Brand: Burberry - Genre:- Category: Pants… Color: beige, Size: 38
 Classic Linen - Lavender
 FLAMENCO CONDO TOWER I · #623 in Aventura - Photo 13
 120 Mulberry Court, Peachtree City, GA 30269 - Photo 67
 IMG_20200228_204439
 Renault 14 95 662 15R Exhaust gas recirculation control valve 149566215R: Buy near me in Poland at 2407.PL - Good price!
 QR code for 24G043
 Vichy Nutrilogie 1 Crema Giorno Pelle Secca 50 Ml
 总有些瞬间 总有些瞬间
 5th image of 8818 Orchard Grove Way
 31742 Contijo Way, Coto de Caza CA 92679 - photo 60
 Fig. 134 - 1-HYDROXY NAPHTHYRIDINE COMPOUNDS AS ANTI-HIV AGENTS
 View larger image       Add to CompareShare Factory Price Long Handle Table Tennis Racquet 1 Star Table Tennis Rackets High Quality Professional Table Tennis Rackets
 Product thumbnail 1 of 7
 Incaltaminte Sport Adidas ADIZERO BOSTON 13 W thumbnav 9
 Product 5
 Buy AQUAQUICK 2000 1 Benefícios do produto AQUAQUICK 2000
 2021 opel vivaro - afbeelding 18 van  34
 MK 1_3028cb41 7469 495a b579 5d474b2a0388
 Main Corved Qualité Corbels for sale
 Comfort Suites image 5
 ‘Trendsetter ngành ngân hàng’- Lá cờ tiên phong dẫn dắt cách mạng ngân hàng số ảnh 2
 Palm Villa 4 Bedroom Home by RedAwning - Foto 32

--

● **Work instruction**
Repeat the material above in full so that each line matches the original exactly.

● **Answer box**
Brand: Burberry - Genre:- Category: Pants… Color: beige, Size: 38
 Classic Linen - Lavender
 FLAMENCO CONDO TOWER I · #623 in Aventura - Photo 13
 120 Mulberry Court, Peachtree City, GA 30269 - Photo 67
 IMG_20200228_204439
 Renault 14 95 662 15R Exhaust gas recirculation control valve 149566215R: Buy near me in Poland at 2407.PL - Good price!
 QR code for 24G043
 Vichy Nutrilogie 1 Crema Giorno Pelle Secca 50 Ml
 总有些瞬间 总有些瞬间
 5th image of 8818 Orchard Grove Way
 31742 Contijo Way, Coto de Caza CA 92679 - photo 60
 Fig. 134 - 1-HYDROXY NAPHTHYRIDINE COMPOUNDS AS ANTI-HIV AGENTS
 View larger image       Add to CompareShare Factory Price Long Handle Table Tennis Racquet 1 Star Table Tennis Rackets High Quality Professional Table Tennis Rackets
 Product thumbnail 1 of 7
 Incaltaminte Sport Adidas ADIZERO BOSTON 13 W thumbnav 9
 Product 5
 Buy AQUAQUICK 2000 1 Benefícios do produto AQUAQUICK 2000
 2021 opel vivaro - afbeelding 18 van  34
 MK 1_3028cb41 7469 495a b579 5d474b2a0388
 Main Corved Qualité Corbels for sale
 Comfort Suites image 5
 ‘Trendsetter ngành ngân hàng’- Lá cờ tiên phong dẫn dắt cách mạng ngân hàng số ảnh 2
 Palm Villa 4 Bedroom Home by RedAwning - Foto 32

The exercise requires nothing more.